FTRD® System in T1 colorectal cancer
FTRD® System in T1 colorectal cancer: a potential treatment alternative to surgery
In a retrospective multicenter study, the Dutch EFTR registry was evaluated with respect to the clinical applicability and performance of the FTRD System in T1 colorectal cancer (CRC). High rates for overall technical success (87.0%) and R0 resection (85.6%) demonstrate the safety and efficacy of FTRD for resection of small T1 CRC, both as primary and secondary treatment.
L. Zwager et al., Department of Gastroenterology and Hepatology, Amsterdam University Medical Centers, Amsterdam, Netherlands, aimed to determine clinical and short-term oncological outcomes of EFTR for T1 CRC ≤20 mm.

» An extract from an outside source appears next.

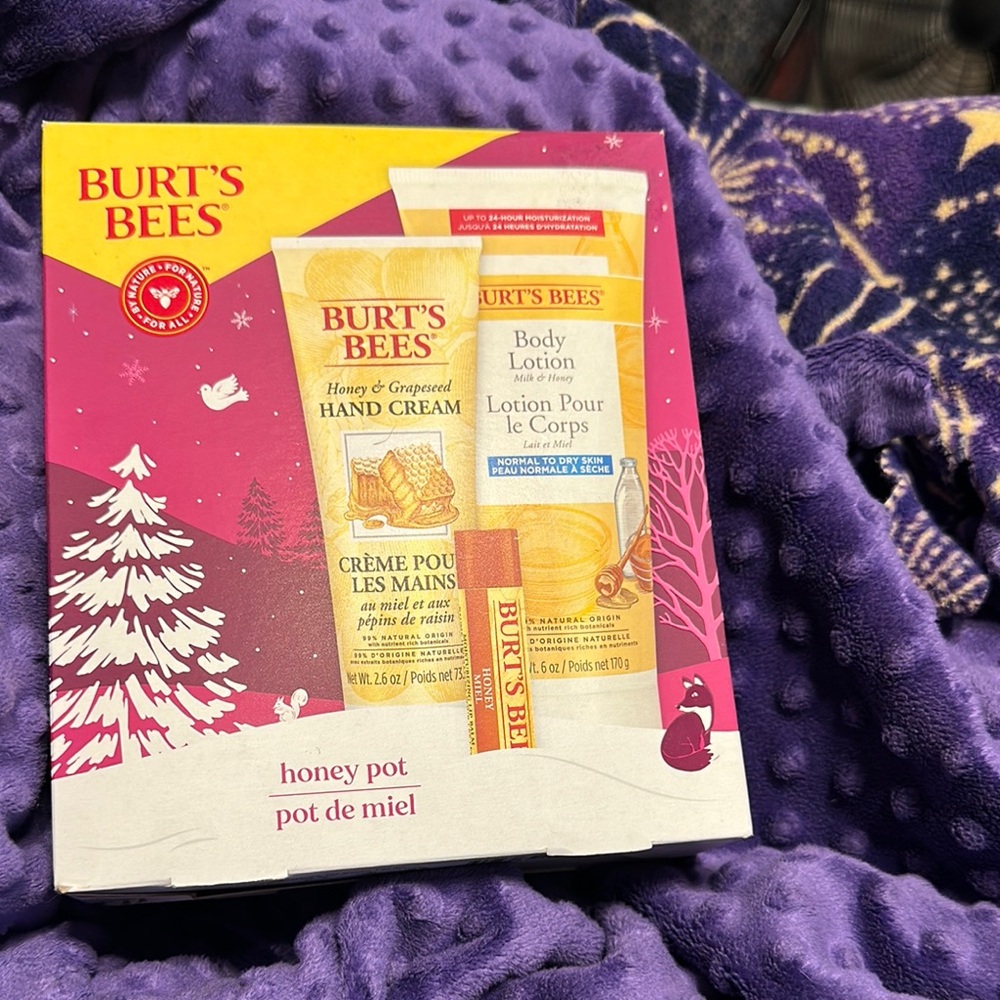 Burt's Bees Yellow and White Moisturizer and Body Oil Set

The analysis included 330 consecutive EFTR procedures in 324 patients (median age: 70 years; 65.1% male), prospectively recorded in the Dutch EFTR registry between November 2015 and April 2020. Primary outcomes of the study were technical success (number of macroscopic complete en-bloc resections) and R0 resection (tumor-free lateral and deep resection margins histopathology, including a macroscopically complete scar resection without histological evidence for residual lesion or cancer). Secondary outcomes were histological risk assessment (R0 resection without high-risk features in cases of residual cancer), curative resection, adverse events, and short-term outcomes.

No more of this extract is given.